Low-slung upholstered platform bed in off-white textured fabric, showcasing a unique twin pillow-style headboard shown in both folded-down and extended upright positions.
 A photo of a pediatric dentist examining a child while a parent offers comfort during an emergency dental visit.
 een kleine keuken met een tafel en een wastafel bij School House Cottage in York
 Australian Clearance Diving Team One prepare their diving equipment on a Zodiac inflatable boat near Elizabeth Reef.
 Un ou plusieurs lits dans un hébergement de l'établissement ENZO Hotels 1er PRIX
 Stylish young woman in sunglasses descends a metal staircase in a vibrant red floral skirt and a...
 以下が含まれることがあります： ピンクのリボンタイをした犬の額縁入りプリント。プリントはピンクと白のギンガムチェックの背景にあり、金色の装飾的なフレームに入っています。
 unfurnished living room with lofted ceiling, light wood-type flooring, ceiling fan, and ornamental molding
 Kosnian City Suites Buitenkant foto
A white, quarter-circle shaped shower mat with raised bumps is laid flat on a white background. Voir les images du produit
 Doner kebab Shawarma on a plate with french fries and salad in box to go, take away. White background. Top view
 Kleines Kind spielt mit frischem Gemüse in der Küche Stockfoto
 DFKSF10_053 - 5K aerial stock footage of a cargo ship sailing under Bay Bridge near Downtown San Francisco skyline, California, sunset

Aim of the exercise:
Retype exactly the lines above, from the one with "Australian Clearance Diving" through the one with "以下が含まれることがあります", inclusive.

Solution below:
 Australian Clearance Diving Team One prepare their diving equipment on a Zodiac inflatable boat near Elizabeth Reef.
 Un ou plusieurs lits dans un hébergement de l'établissement ENZO Hotels 1er PRIX
 Stylish young woman in sunglasses descends a metal staircase in a vibrant red floral skirt and a...
 以下が含まれることがあります： ピンクのリボンタイをした犬の額縁入りプリント。プリントはピンクと白のギンガムチェックの背景にあり、金色の装飾的なフレームに入っています。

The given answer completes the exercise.